This work by Manav G Krishna is licensed under CC BY-NC 4.0 
Machine IP: 10.10.189.115
Nmap Scan:
nmap -p- -A -v --min-rate 100 -oN reset_thm -Pn 10.10.189.115
Nmap scan report for 10.10.189.115
Host is up (0.15s latency).
Not shown: 65516 filtered tcp ports (no-response)
PORT STATE SERVICE VERSION
53/tcp open domain Simple DNS Plus
88/tcp open kerberos-sec Microsoft Windows Kerberos (server time: 2024-01-27 05:30:17Z)
135/tcp open msrpc Microsoft Windows RPC
139/tcp open netbios-ssn Microsoft Windows netbios-ssn
389/tcp open ldap Microsoft Windows Active Directory LDAP (Domain: thm.corp0., Site: Default-First-Site-Name)
445/tcp open microsoft-ds?
464/tcp open kpasswd5?
593/tcp open ncacn_http Microsoft Windows RPC over HTTP 1.0
636/tcp open tcpwrapped
3268/tcp open ldap Microsoft Windows Active Directory LDAP (Domain: thm.corp0., Site: Default-First-Site-Name)
3269/tcp open tcpwrapped
3389/tcp open ms-wbt-server Microsoft Terminal Services
|_ssl-date: 2024-01-27T05:31:58+00:00; +1s from scanner time.

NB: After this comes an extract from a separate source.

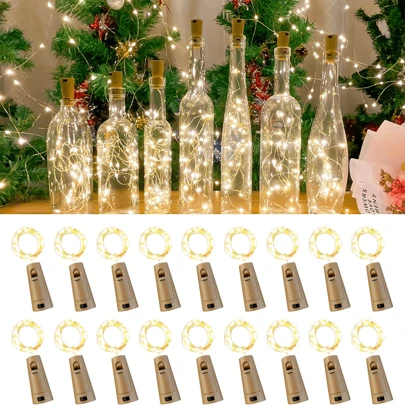 18 件/套酒瓶灯，3.3 英尺 20LED 银线仙女灯，适用于瓶子、罐子、工艺品、婚礼、派对、婚礼中心装饰、桌面装饰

| ssl-cert: Subject: commonName=HayStack.thm.corp
| Issuer: commonName=HayStack.thm.corp
| Public Key type: rsa
| Public Key bits: 2048
| Signature Algorithm: sha256WithRSAEncryption
| Not valid before: 2024-01-25T21:01:31
| Not valid after: 2024-07-26T21:01:31
| MD5: 1593:b46f:8770:a73a:9649:f3ec:e9ad:c968
|_SHA-1: 9d45:4568:8ee5:2758:e3cc:26ff:e0ca:23db:5ae6:017e
| rdp-ntlm-info:
| Target_Name: THM
| NetBIOS_Domain_Name: THM
| NetBIOS_Computer_Name: HAYSTACK
| DNS_Domain_Name: thm.corp
| DNS_Computer_Name: HayStack.thm.corp
| DNS_Tree_Name: thm.corp
| Product_Version: 10.0.17763
|_ System_Time: 2024-01-27T05:31:18+00:00
5985/tcp open http Microsoft HTTPAPI httpd 2.0 (SSDP/UPnP)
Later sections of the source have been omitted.